— INPUT RECORDS —
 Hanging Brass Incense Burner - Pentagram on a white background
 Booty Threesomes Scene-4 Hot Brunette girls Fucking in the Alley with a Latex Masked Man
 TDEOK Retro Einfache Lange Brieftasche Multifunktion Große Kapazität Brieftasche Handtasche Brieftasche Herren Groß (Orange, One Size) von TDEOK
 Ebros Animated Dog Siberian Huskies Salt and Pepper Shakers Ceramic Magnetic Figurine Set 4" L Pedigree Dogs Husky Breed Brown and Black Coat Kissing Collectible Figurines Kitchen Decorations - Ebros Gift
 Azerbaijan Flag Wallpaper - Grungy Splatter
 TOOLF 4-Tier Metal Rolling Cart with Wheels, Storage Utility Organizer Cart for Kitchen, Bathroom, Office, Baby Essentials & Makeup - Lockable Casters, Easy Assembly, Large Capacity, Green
* * *
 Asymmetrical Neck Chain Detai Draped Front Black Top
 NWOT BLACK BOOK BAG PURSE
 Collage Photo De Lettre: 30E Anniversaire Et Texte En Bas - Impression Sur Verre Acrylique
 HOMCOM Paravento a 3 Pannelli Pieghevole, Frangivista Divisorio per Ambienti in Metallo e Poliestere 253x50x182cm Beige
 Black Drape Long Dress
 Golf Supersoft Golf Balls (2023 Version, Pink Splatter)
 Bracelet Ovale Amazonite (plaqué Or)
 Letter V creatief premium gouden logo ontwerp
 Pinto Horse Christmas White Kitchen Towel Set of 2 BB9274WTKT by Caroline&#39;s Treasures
==
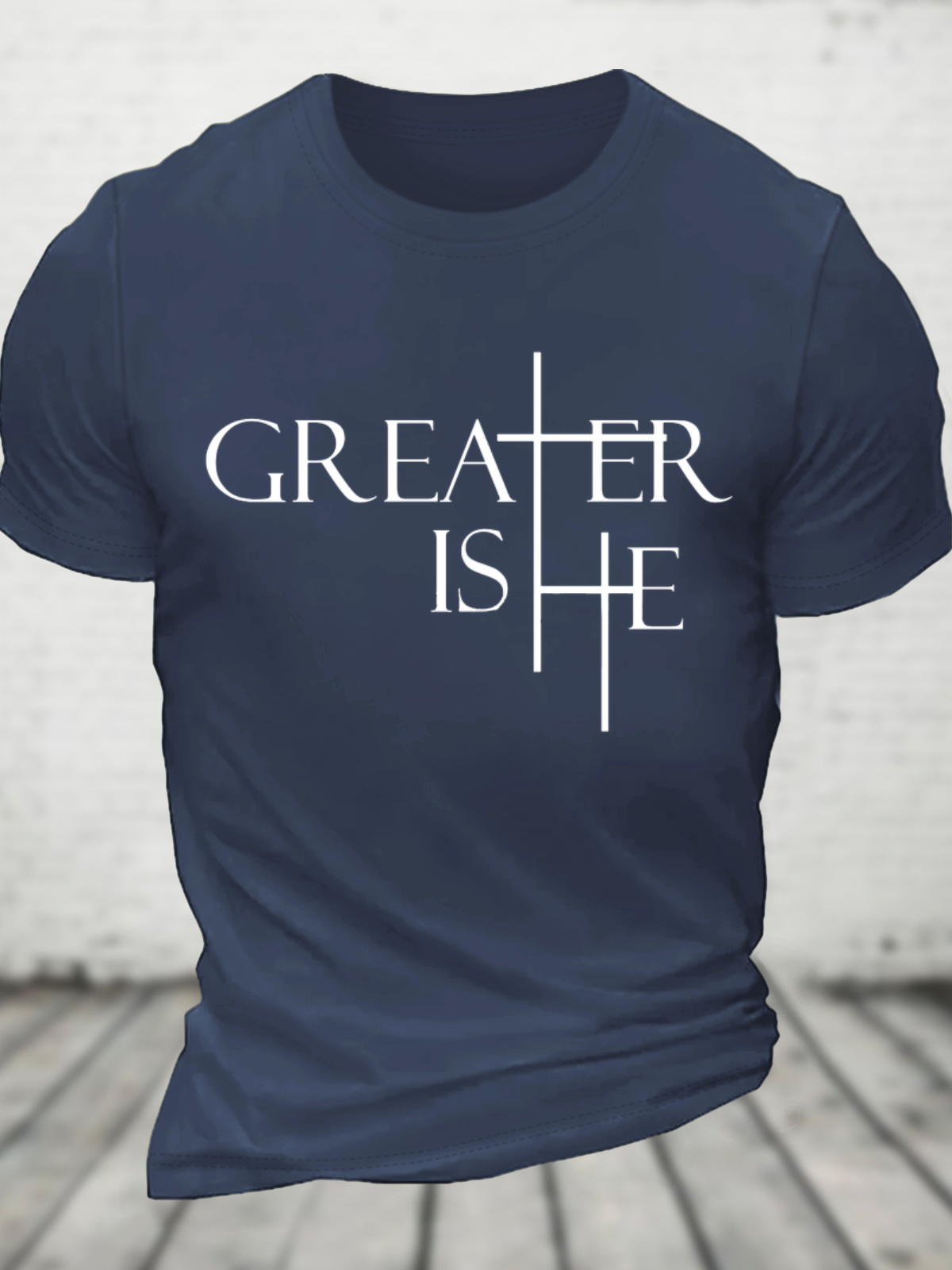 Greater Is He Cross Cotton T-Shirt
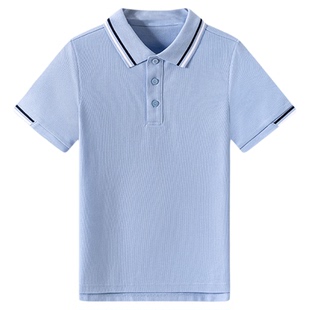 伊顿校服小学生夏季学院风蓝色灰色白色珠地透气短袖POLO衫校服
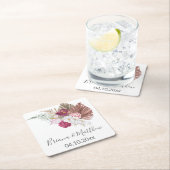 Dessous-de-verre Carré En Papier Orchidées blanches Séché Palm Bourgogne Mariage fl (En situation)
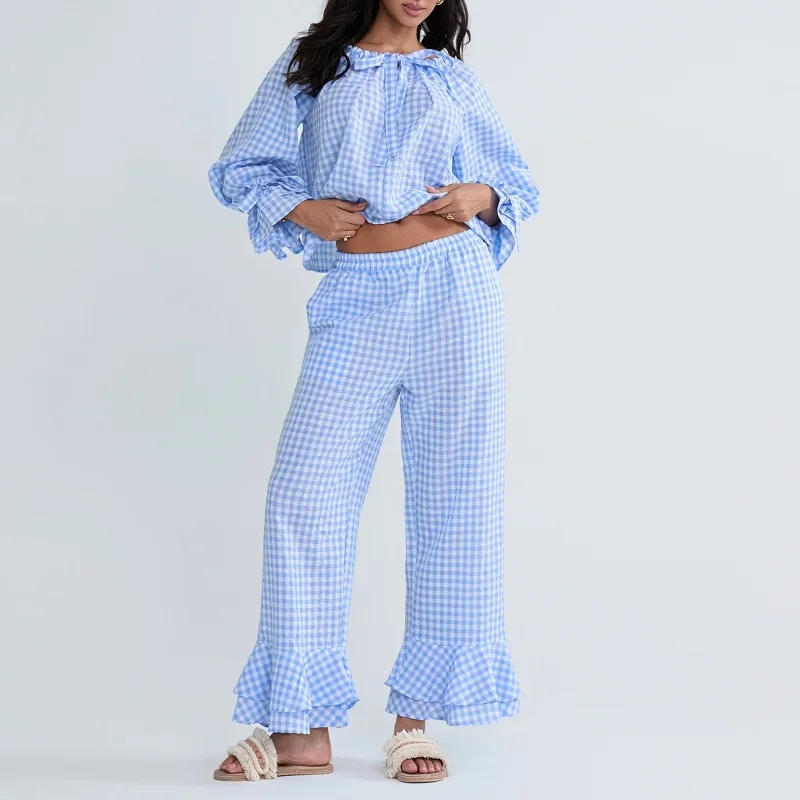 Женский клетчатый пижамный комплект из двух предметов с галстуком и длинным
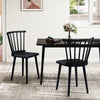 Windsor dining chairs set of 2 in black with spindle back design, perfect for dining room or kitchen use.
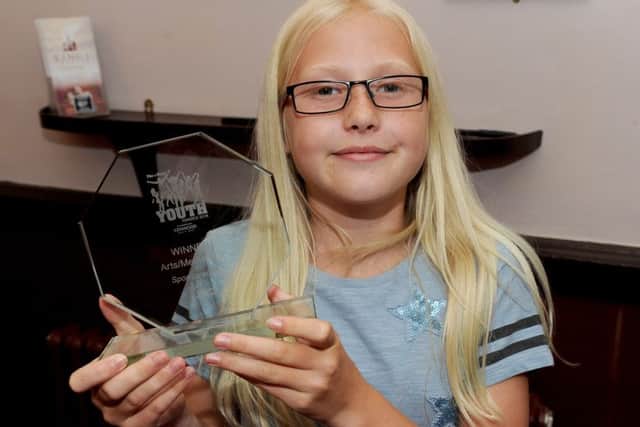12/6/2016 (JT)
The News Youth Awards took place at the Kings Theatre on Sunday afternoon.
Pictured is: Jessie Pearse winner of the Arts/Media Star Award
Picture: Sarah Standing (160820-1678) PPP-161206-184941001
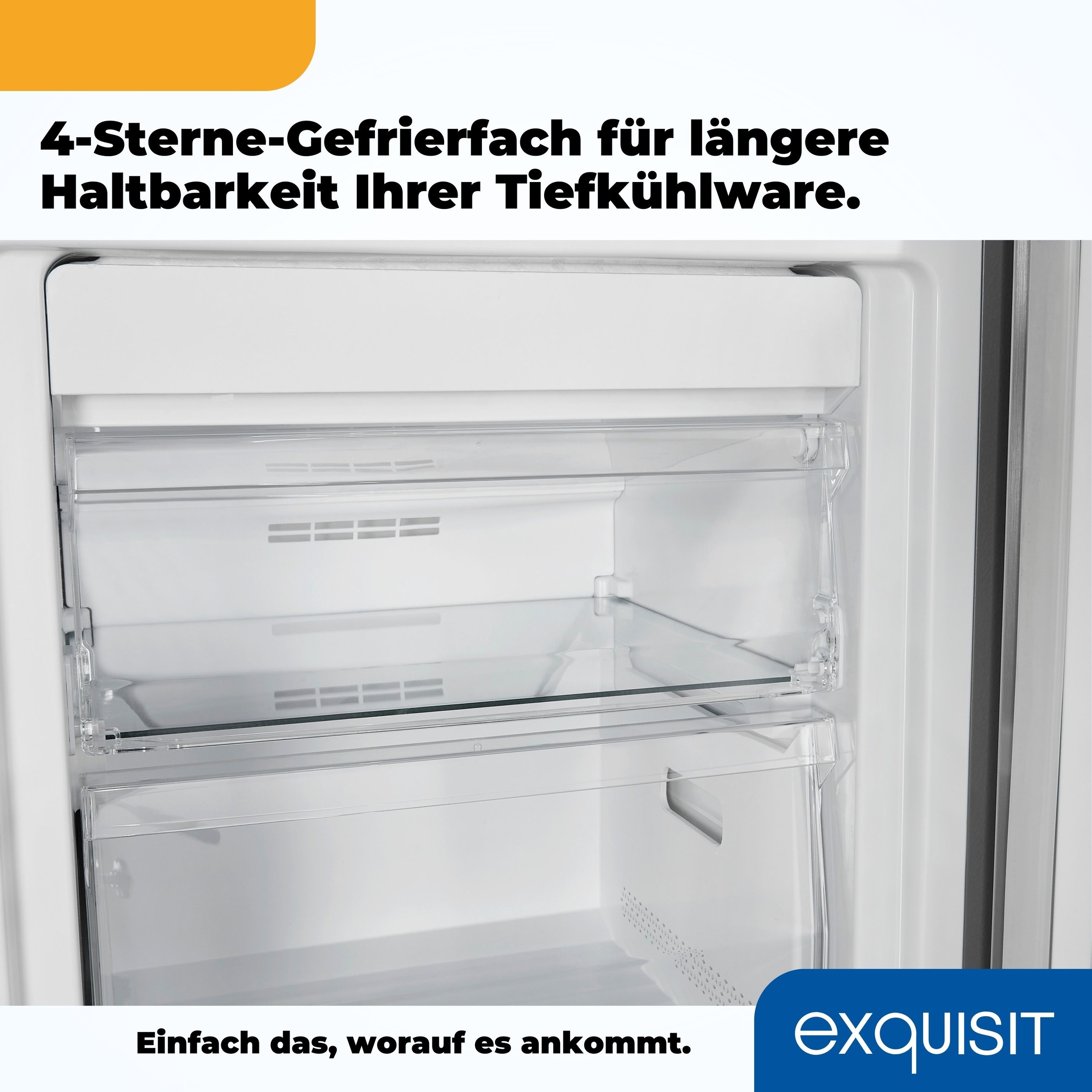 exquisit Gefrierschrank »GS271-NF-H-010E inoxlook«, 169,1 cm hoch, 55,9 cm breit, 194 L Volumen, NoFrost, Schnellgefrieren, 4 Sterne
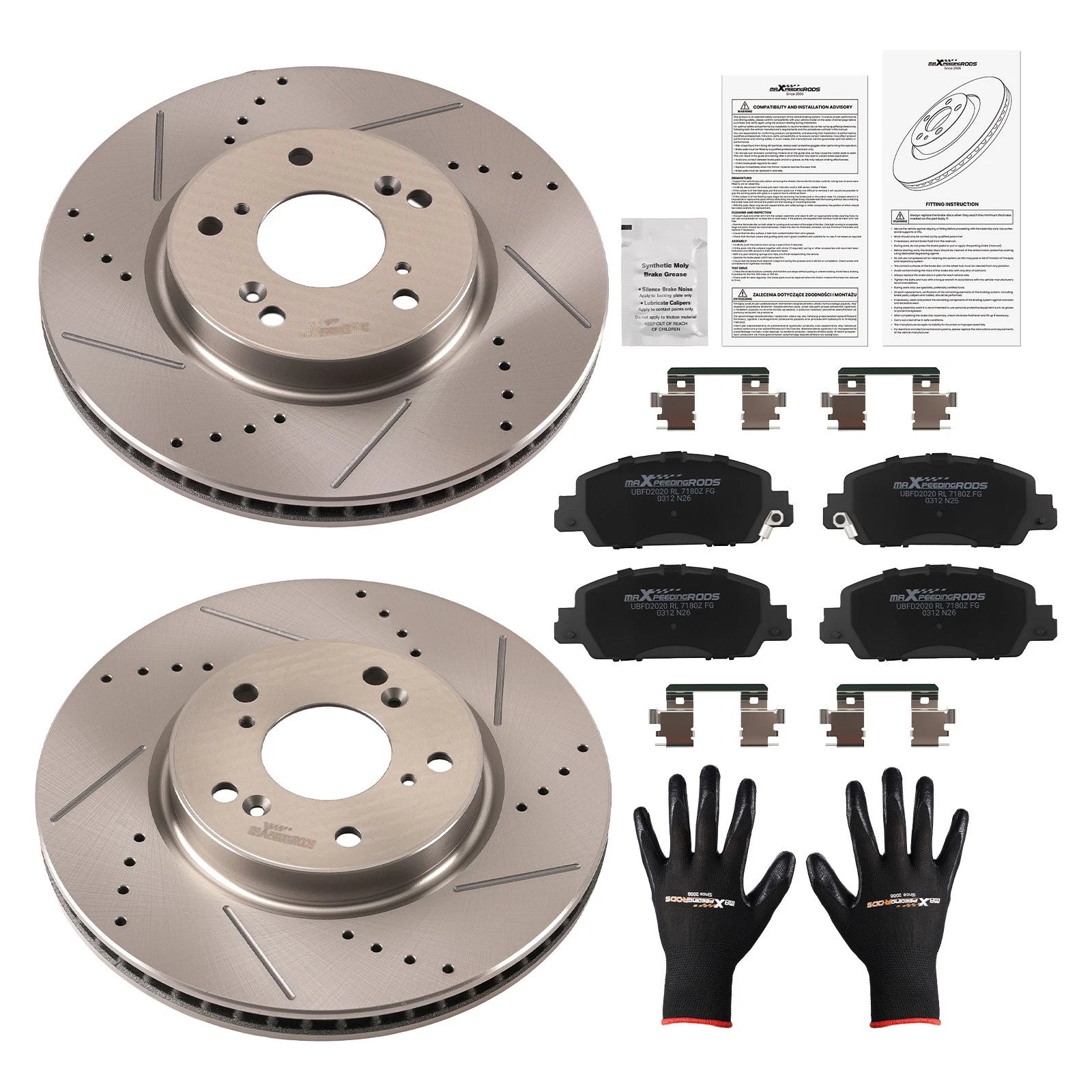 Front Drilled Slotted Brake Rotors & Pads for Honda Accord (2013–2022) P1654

— WHAT IS NEEDED —
Count the lines of the entries above that contain the word "Splatter" and give only the number.

— OUTPUT FOR THIS EXERCISE —
2